Issues of concern to people who live in the west: property rights, water rights, endangered species, livestock grazing, energy production, wilderness and western agriculture. Plus a few items on western history, western literature and the sport of rodeo... Frank DuBois served as the NM Secretary of Agriculture from 1988 to 2003. DuBois is a former legislative assistant to a U.S. Senator, a Deputy Assistant Secretary of Interior, and is the founder of the DuBois Rodeo Scholarship.
Sunday, August 10, 2014
Historic ranch for sale - PN Ranch in central Montana dates to 1800s
A small corner of Montana’s early history is for sale.
The 40,000-acre PN Ranch, located along the Missouri and Judith rivers north of Lewistown, is being offered for $18 million by Hall and Hall Real Estate.
“Some of that is almost a monument with the old fort there,” said Tim Murphy, one of the listing agents.
Murphy was referring to Camp Cooke, the first military post established in what is now Montana on May 19, 1866. The outpost was built to protect the steamboat trade from Indian raids as the boats chugged up the Missouri River in the spring. The fort was abandoned after only four years as the steamboat era sank.
Even before Camp Cooke, though, the area was a popular campsite for American Indians — especially the Blackfeet who laid claim to the territory.
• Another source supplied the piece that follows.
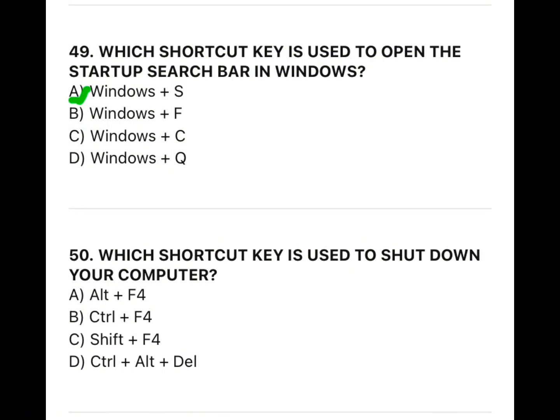50. Which shortcut key is used to shut down your computer? Thank you.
In 1805, explorers Meriwether Lewis, William Clark and the rest of their crew camped near the PN Ranch during their trip upriver to the Pacific Coast. Later, the area was the site of fur trading posts, Indian treaty gatherings and some of the first dinosaur fossil expeditions. It wasn’t until 1869 that James Wells and soon-to-be Montana senator and businessman T.C. Power (the P in PN) partnered to create what would become the PN Ranch.
The ranch is now surrounded by portions of the Upper Missouri River Breaks National Monument, managed by the Bureau of Land Management. The 375,000-acre monument surrounds the 149-mile-long Upper Missouri National Wild and Scenic River.
More than 100 years later, in the 1990s, Charles Pierson purchased the ranch, later partnering with Whitney MacMillan, an heir to the Cargill agricultural fortune who is reportedly worth about $5 billion and the richest man in Minnesota.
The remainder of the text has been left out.